Prompt ▸
What you return should be the lines from the one with "Warehouse London Sequin evening" through the one with "Plakat zur App Informationen im Text" in the data below, reproduced exactly with both ends, and no pictures at all.

Exercise data ▸
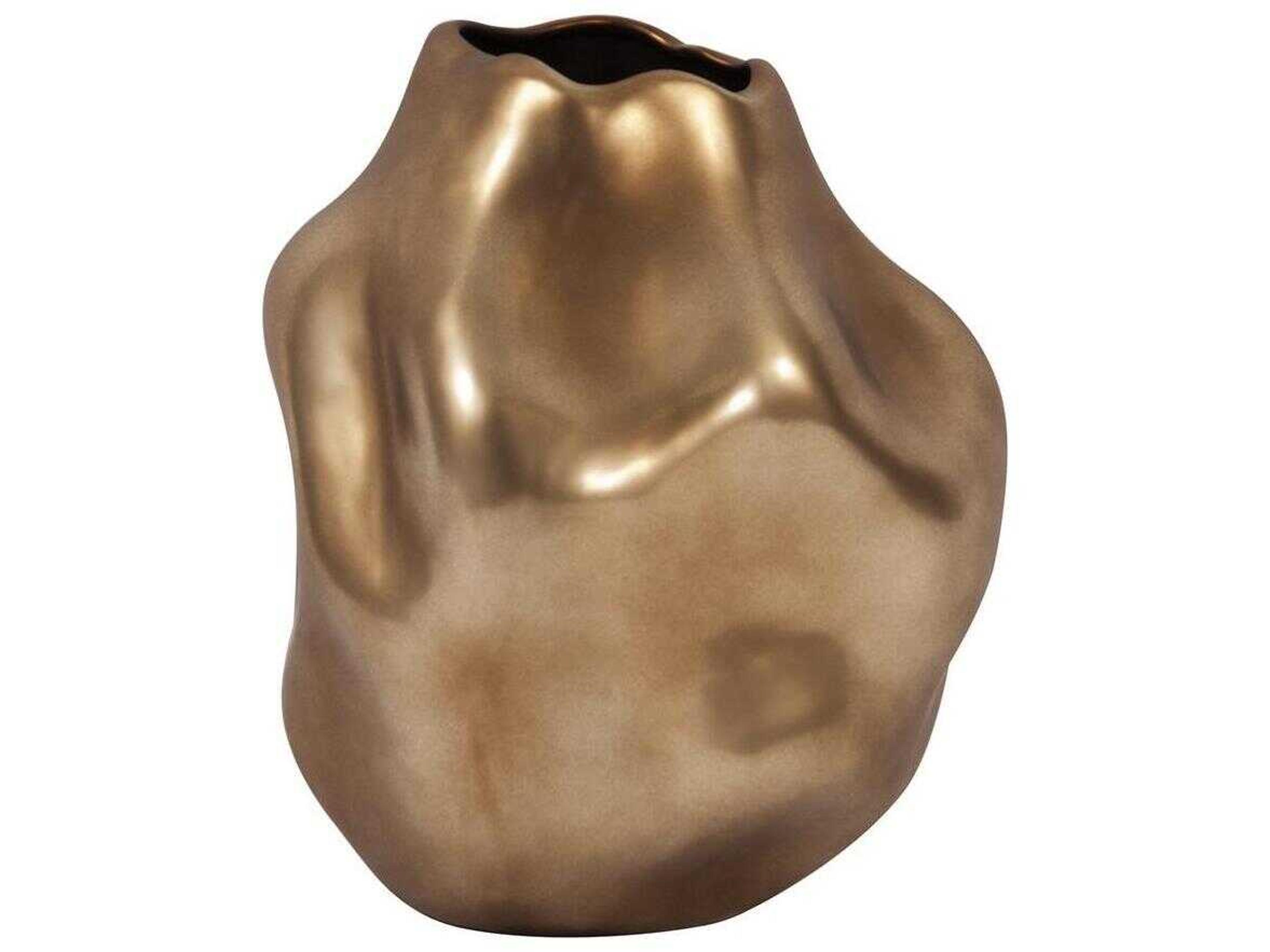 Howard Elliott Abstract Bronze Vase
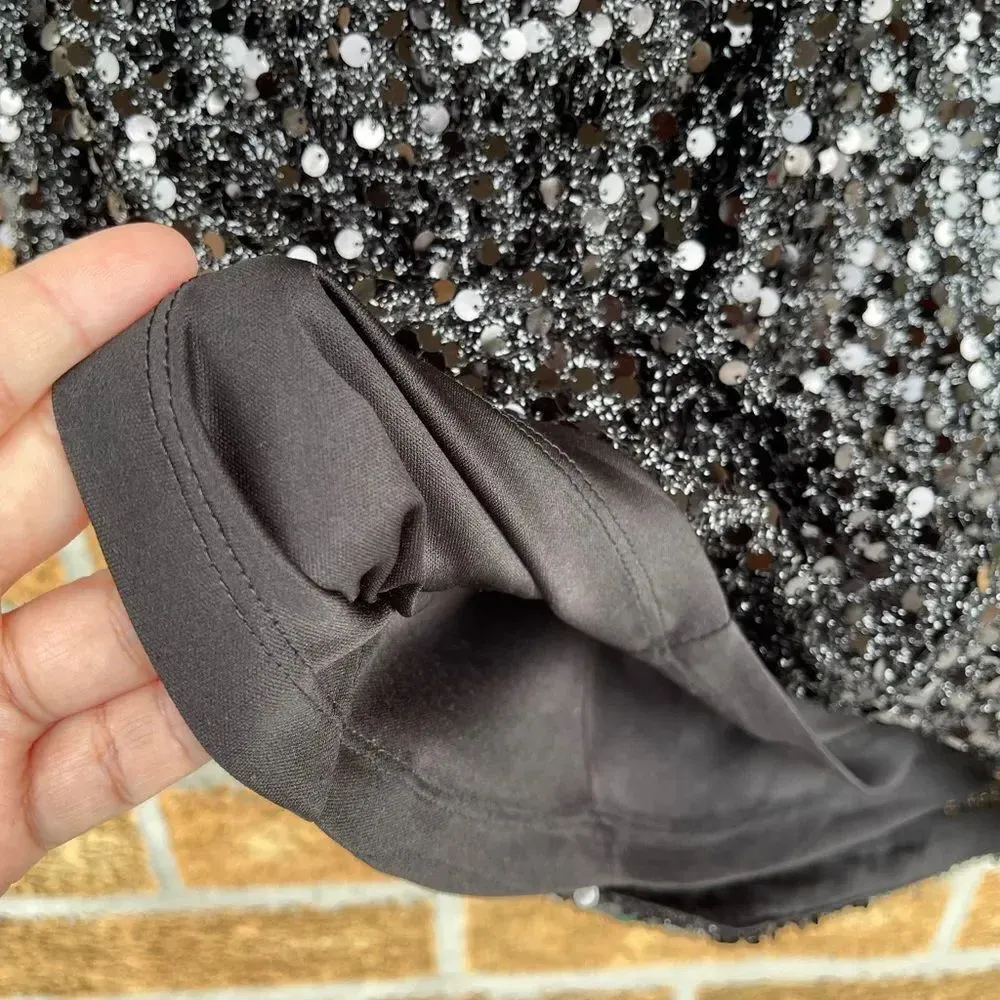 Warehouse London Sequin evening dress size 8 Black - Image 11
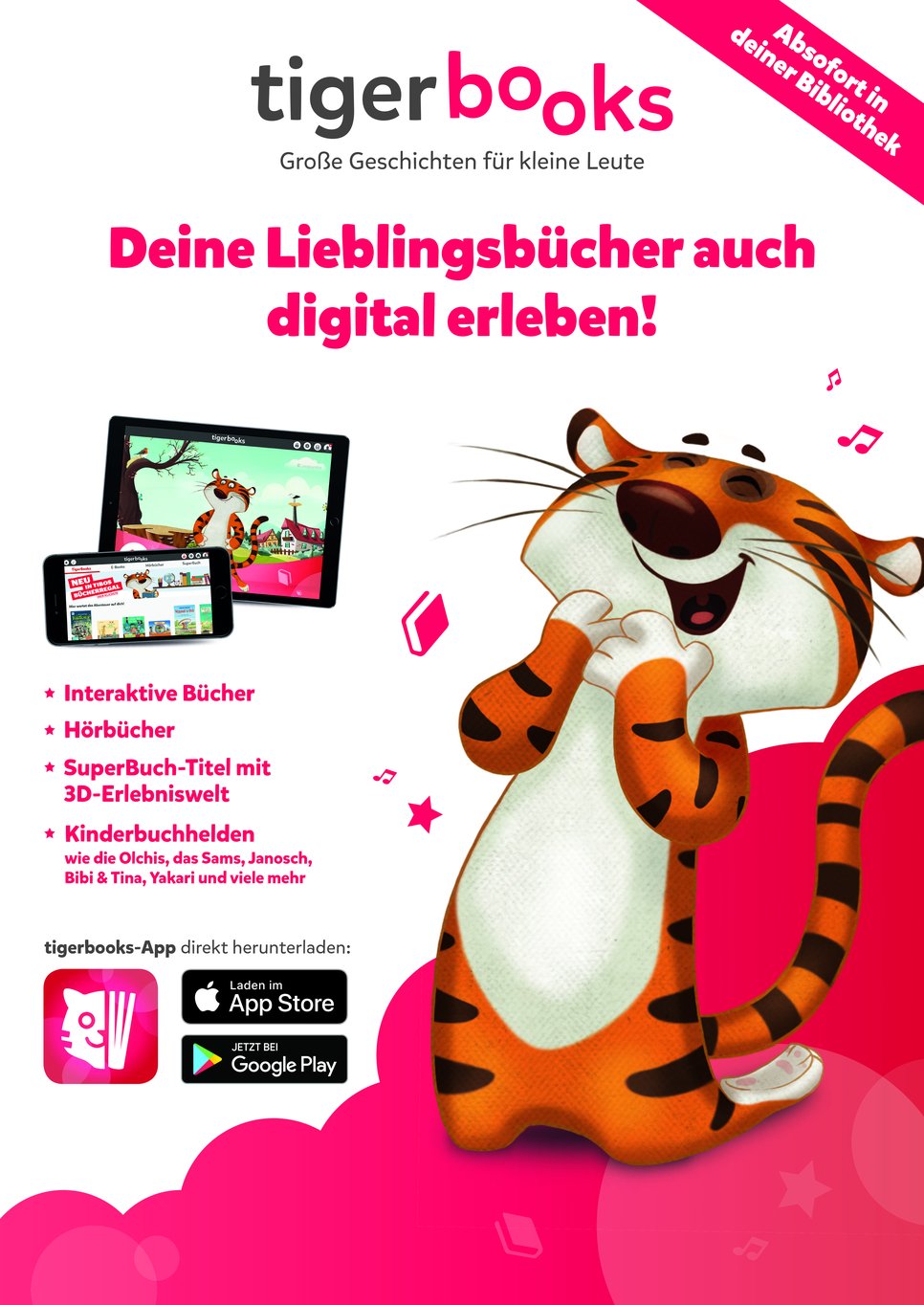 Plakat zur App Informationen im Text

---

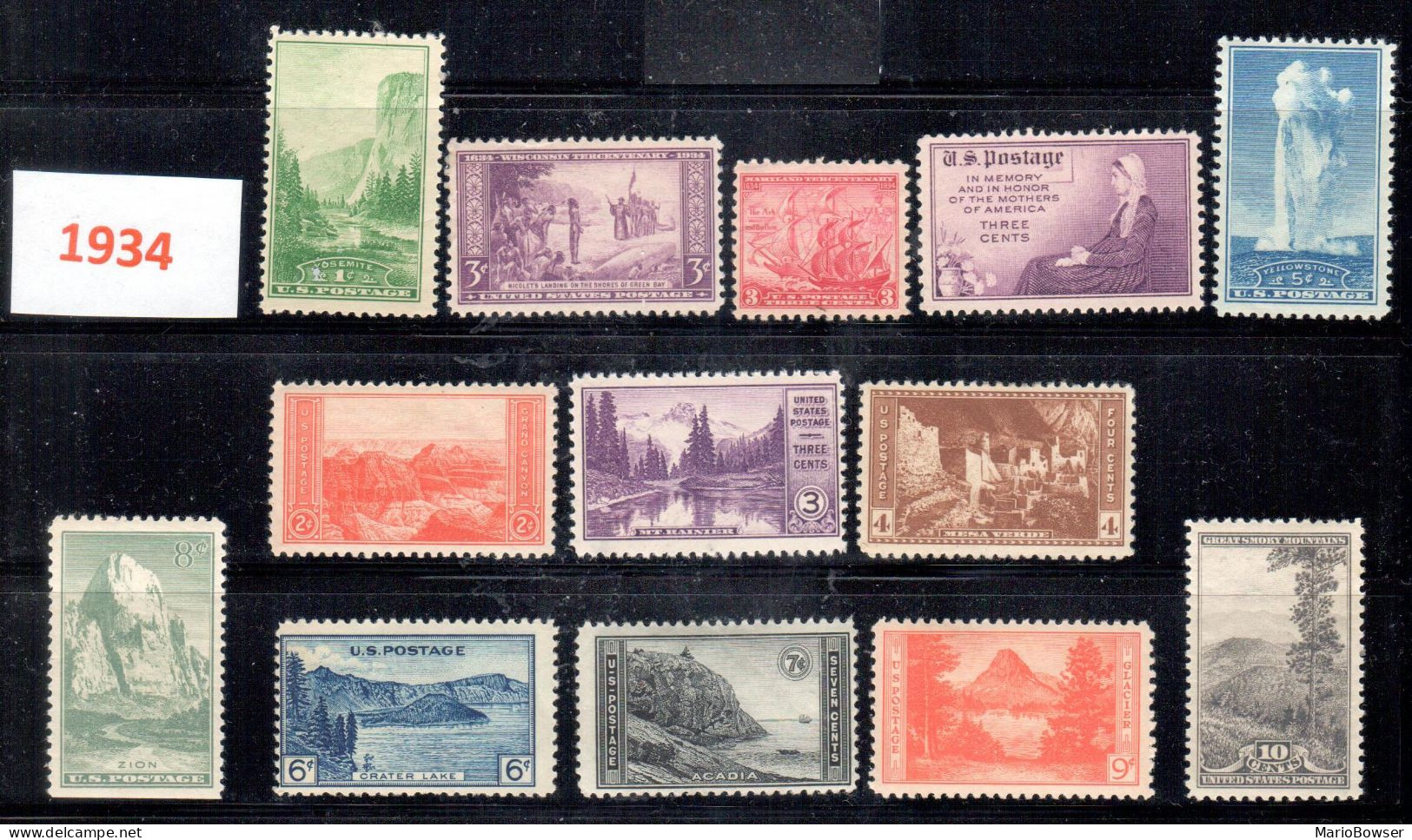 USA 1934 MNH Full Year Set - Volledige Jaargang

...

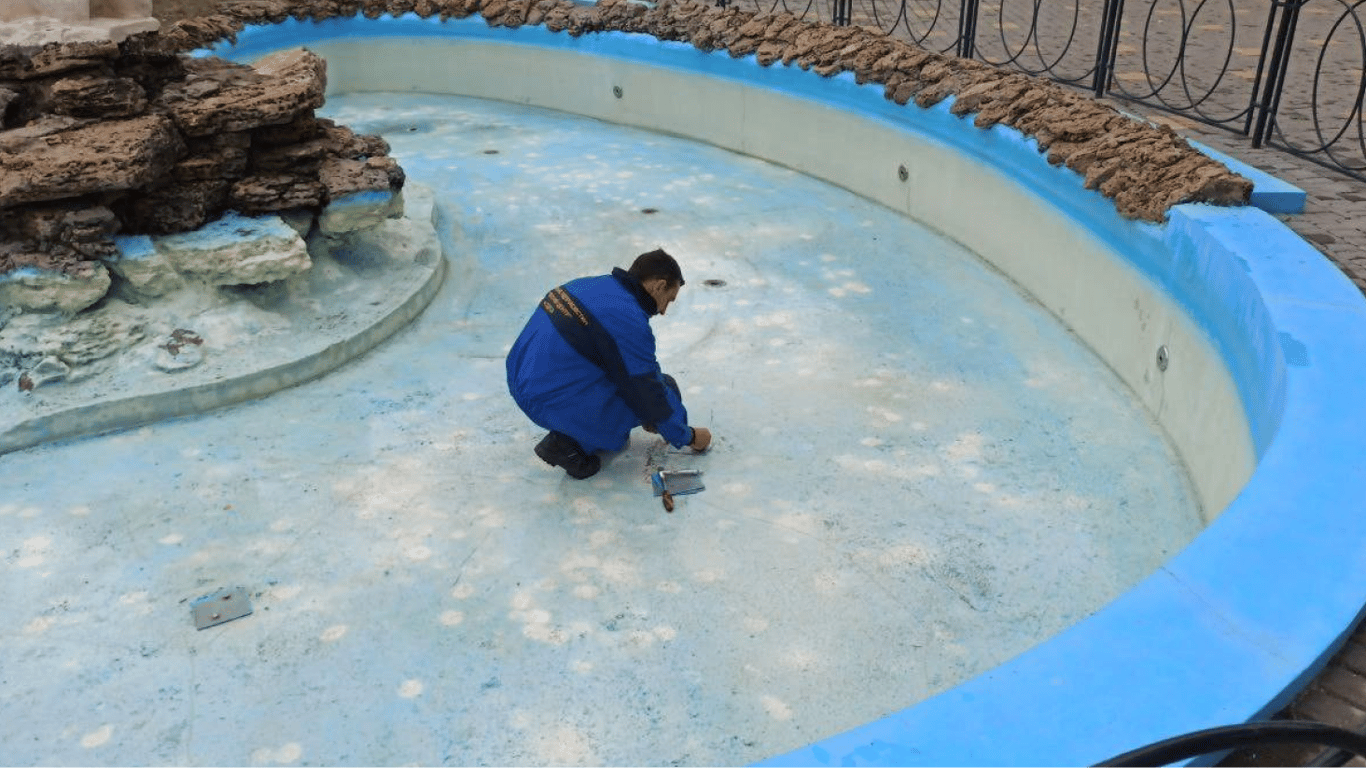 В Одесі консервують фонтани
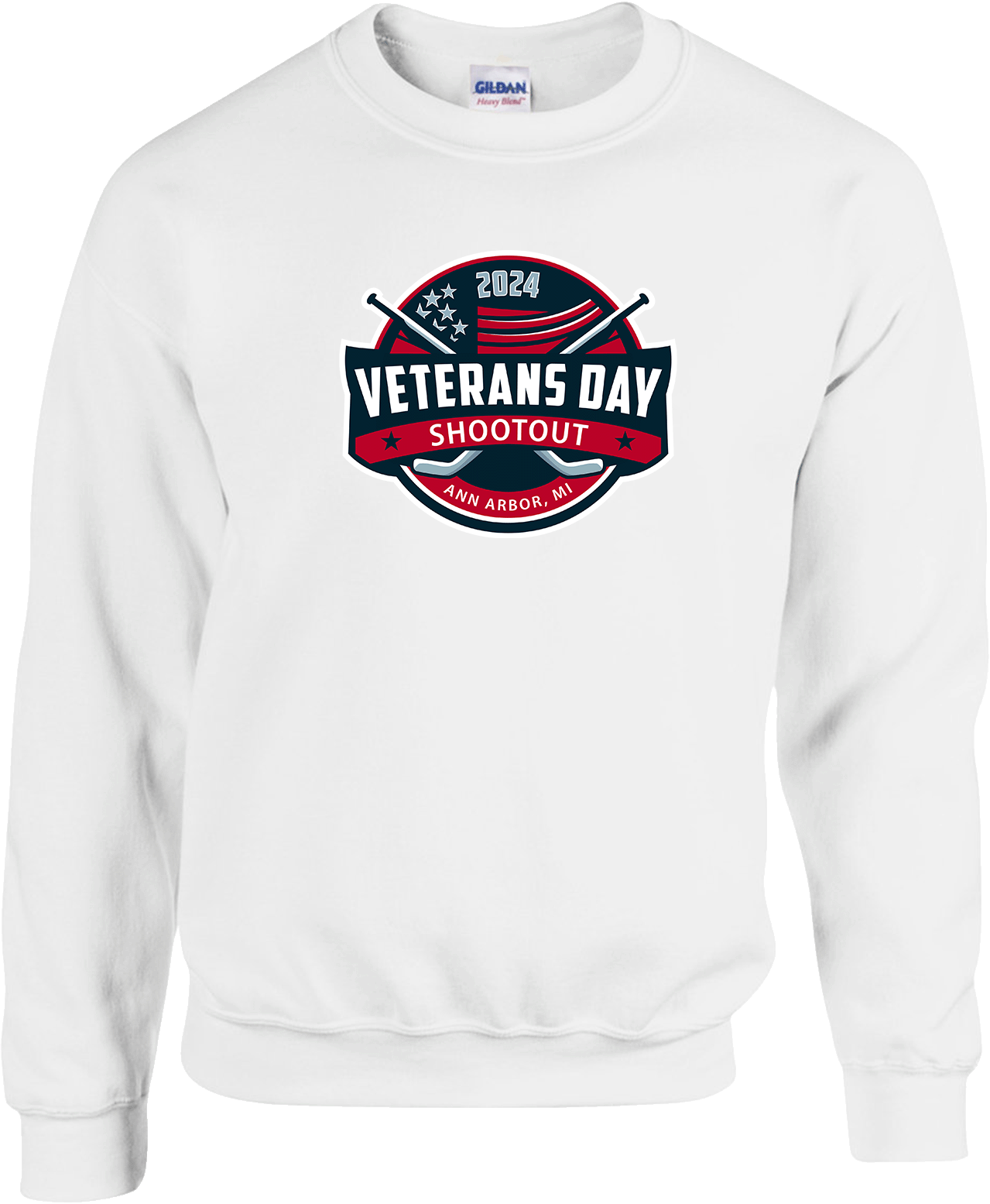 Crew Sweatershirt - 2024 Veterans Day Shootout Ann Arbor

Response area ▸
 Warehouse London Sequin evening dress size 8 Black - Image 11
 Plakat zur App Informationen im Text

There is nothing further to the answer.